The Kyrie Irving trade saga has dragged on for weeks with several plot twists taking place in the meantime. Still, the prevailing notion has been that Irving will join the Los Angeles Lakers — if not this summer, then in 2023 when he hits free agency.
But do the Lakers have the money to sign the playmaker next year if they don’t acquire him through a trade with the Brooklyn Nets?
With Russell Westbrook’s gigantic $47.1 million salary coming off the books, L.A.’s payroll will likely get significantly lighter next summer. As of now, only Anthony Davis, Max Christie, Talen Horton-Tucker and Damian Jones are under contract for 2023-24 with the latter two having a player option for the season. LeBron James doesn’t seem in a rush to sign the two-year, $97 million contract extension, which he will become eligible to ink on Aug. 4.
But the very first reports that suggested Irving could move to L.A. next summer also claimed he would do so to reunite with James — in addition to donning the same jersey the late Kobe Bryant once wore. Hence, any scenario in which the Lakers get Irving in the 2023 offseason needs to assume LeBron has extended his stay with the Purple and Gold — most likely on a two-year a deal with a player option for the following season so the four-time NBA champion can stay in control of his future when his son Bronny becomes draft eligible.
Dismissing any unlikely incentives, that brings the Lakers’ payroll up to about $102 million with James, Davis, Christie, Horton-Tucker and Jones on the roster — presuming the latter two picked up their player options) — and some $30.8 million under the projected 2023-24 salary cap of $133 million.

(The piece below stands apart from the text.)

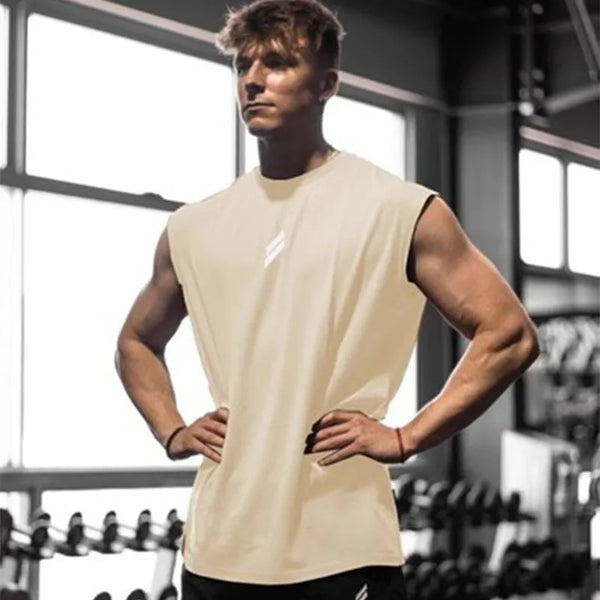 Camiseta sin mangas deportiva para hombre, camiseta sin mangas de entrenamiento y transpirable, chaleco de secado rápido, ropa deportiva para verano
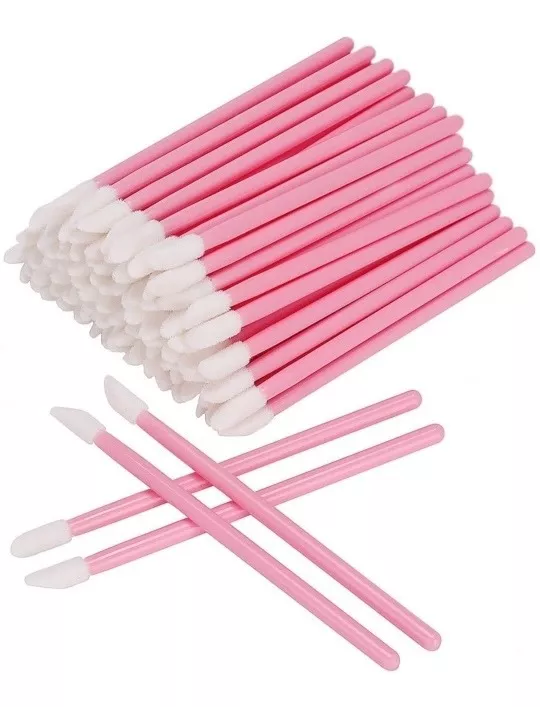 50 Lip Brush Desechable Para Pestañas, Labios, Microblading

However, the Lakers wouldn’t be able to spend all that money on Irving. Teams with fewer than 12 players under contract are subject to an incomplete roster charge, which should amount to about $1.1 million per unused roster spot next year. Moreover, Austin Reaves and Scotty Pippen Jr. will become restricted free agents in 2023, unless the Lakers decide not to extend their qualifying offers and let them hit free agency without any restrictions — however, it’s hard to imagine L.A. giving up on Reaves after his impressive rookie season while Pippen’s qualifying offer won’t be much higher than an incomplete roster charge.
Adding all those extra expenses in, the Lakers could potentially pay Irving close to $22 million in 2023-24 and around $92 million in total over a four-year deal — providing that Reaves doesn’t receive an offer from another team that L.A. would have to match.
Next summer, Irving will be able to sign a four-year, $200 million max contract with anyone — and a considerably higher one if he returns to Brooklyn. However, NBA teams, including the Nets, are reportedly unwilling to offer the max to the eccentric guard.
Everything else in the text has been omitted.